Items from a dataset
Start of Block
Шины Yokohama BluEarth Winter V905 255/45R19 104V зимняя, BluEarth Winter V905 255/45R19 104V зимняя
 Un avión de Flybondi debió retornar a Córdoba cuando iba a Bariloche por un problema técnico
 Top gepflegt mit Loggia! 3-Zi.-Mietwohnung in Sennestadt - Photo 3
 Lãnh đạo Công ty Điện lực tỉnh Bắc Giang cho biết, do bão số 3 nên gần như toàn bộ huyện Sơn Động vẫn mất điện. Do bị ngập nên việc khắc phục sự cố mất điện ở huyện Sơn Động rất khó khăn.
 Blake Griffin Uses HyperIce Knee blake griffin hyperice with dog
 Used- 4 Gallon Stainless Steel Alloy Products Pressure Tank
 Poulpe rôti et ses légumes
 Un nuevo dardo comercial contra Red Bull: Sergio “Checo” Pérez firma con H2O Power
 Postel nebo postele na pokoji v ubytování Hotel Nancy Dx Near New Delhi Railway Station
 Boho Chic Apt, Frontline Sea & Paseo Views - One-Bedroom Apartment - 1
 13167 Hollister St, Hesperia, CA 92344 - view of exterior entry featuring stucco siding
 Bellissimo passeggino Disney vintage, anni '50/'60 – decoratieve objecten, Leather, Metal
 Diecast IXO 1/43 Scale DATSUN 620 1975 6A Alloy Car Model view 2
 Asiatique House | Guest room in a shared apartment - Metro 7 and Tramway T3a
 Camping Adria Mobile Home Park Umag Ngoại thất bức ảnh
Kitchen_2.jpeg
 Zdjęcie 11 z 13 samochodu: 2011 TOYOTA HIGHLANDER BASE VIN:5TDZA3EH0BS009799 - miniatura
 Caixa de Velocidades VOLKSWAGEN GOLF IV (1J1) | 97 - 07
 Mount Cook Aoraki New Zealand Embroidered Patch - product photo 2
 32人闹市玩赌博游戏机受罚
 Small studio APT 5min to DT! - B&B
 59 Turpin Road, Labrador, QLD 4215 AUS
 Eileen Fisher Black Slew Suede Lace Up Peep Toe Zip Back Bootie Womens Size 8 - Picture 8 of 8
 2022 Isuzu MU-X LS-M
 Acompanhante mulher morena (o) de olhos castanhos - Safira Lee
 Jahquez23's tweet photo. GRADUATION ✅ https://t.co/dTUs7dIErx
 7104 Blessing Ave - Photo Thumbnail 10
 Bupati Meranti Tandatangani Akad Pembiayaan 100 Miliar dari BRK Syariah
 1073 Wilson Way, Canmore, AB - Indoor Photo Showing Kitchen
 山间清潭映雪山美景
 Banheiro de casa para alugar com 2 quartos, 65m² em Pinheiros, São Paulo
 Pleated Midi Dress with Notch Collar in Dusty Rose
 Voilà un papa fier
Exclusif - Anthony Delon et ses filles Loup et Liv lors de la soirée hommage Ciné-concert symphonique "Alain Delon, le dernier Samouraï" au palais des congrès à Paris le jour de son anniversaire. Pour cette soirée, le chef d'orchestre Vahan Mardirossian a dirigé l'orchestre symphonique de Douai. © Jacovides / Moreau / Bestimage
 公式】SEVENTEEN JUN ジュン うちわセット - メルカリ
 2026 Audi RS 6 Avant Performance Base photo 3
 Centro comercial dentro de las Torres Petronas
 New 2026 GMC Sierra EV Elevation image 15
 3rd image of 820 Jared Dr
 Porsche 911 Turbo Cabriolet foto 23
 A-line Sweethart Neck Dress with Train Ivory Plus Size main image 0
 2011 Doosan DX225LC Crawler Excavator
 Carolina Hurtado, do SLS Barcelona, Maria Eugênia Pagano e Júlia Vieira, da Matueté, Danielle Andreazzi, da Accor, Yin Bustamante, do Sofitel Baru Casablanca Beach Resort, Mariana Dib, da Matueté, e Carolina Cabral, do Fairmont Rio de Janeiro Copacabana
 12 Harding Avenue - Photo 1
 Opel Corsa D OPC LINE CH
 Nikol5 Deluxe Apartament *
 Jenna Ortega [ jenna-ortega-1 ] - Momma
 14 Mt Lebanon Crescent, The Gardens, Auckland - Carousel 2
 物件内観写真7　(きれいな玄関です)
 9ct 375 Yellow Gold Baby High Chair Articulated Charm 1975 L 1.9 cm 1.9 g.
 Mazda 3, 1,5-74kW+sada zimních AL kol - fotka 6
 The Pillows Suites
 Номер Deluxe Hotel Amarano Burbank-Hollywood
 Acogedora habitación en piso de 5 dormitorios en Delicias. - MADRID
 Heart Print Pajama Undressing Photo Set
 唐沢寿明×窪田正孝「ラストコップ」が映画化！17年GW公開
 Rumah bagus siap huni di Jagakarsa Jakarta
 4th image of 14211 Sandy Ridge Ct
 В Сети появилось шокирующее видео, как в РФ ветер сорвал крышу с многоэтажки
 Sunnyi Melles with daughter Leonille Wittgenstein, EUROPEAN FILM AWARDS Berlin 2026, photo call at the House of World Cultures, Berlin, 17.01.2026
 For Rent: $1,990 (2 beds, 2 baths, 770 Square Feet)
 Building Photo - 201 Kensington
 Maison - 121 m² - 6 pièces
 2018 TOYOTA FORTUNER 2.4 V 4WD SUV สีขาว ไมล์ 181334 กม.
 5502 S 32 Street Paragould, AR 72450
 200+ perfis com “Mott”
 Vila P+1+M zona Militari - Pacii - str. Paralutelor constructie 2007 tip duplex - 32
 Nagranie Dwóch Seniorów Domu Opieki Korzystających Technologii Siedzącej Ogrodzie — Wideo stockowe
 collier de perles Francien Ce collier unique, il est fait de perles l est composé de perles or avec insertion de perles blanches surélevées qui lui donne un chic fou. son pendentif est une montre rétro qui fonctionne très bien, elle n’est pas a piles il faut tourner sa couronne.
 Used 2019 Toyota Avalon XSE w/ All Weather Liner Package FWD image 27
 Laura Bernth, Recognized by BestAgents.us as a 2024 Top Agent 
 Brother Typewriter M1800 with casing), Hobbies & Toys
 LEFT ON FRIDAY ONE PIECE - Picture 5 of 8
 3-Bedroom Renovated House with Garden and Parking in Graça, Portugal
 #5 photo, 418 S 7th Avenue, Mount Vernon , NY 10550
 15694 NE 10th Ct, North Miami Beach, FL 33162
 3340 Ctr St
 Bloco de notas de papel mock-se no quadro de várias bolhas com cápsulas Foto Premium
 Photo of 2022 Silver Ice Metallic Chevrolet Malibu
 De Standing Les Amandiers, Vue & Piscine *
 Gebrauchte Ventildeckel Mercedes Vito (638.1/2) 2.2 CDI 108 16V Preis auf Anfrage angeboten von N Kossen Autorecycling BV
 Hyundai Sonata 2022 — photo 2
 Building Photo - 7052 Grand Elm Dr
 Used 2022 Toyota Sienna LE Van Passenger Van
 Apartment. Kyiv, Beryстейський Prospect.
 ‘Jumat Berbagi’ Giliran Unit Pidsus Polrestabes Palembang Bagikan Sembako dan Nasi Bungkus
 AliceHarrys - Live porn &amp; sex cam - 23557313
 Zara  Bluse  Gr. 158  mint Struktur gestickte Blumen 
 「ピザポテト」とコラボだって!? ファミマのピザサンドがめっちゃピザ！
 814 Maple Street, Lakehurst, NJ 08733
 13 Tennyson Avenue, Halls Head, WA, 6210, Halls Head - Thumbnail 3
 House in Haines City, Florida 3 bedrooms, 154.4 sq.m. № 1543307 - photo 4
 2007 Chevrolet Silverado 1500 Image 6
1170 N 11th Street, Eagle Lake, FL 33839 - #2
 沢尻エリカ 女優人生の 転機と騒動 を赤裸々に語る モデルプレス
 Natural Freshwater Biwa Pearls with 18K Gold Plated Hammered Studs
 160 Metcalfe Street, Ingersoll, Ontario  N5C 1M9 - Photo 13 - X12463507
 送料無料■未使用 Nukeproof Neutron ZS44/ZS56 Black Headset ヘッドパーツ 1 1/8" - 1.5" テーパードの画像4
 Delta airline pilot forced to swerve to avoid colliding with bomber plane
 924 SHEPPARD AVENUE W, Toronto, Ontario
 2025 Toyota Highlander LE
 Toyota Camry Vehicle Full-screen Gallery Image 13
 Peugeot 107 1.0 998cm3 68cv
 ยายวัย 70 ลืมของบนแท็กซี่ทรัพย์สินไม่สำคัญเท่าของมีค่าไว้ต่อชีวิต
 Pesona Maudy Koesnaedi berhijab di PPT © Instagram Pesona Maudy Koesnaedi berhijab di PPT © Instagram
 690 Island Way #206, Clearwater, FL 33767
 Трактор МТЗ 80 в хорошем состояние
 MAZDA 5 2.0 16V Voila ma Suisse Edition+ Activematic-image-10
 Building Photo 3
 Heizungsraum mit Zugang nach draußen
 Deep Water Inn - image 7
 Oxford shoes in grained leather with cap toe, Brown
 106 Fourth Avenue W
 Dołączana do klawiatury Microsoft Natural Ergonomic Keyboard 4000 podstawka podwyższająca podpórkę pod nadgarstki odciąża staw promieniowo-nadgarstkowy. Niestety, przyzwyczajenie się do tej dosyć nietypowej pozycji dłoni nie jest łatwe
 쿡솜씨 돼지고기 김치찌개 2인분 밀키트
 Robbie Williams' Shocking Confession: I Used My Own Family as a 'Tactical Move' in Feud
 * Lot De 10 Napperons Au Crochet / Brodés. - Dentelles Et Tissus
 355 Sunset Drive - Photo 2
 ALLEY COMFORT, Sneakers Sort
End of Block
Give the lines again, exactly as they stand, from the beginning of the data through the line with "Un nuevo dardo".

Шины Yokohama BluEarth Winter V905 255/45R19 104V зимняя, BluEarth Winter V905 255/45R19 104V зимняя
 Un avión de Flybondi debió retornar a Córdoba cuando iba a Bariloche por un problema técnico
 Top gepflegt mit Loggia! 3-Zi.-Mietwohnung in Sennestadt - Photo 3
 Lãnh đạo Công ty Điện lực tỉnh Bắc Giang cho biết, do bão số 3 nên gần như toàn bộ huyện Sơn Động vẫn mất điện. Do bị ngập nên việc khắc phục sự cố mất điện ở huyện Sơn Động rất khó khăn.
 Blake Griffin Uses HyperIce Knee blake griffin hyperice with dog
 Used- 4 Gallon Stainless Steel Alloy Products Pressure Tank
 Poulpe rôti et ses légumes
 Un nuevo dardo comercial contra Red Bull: Sergio “Checo” Pérez firma con H2O Power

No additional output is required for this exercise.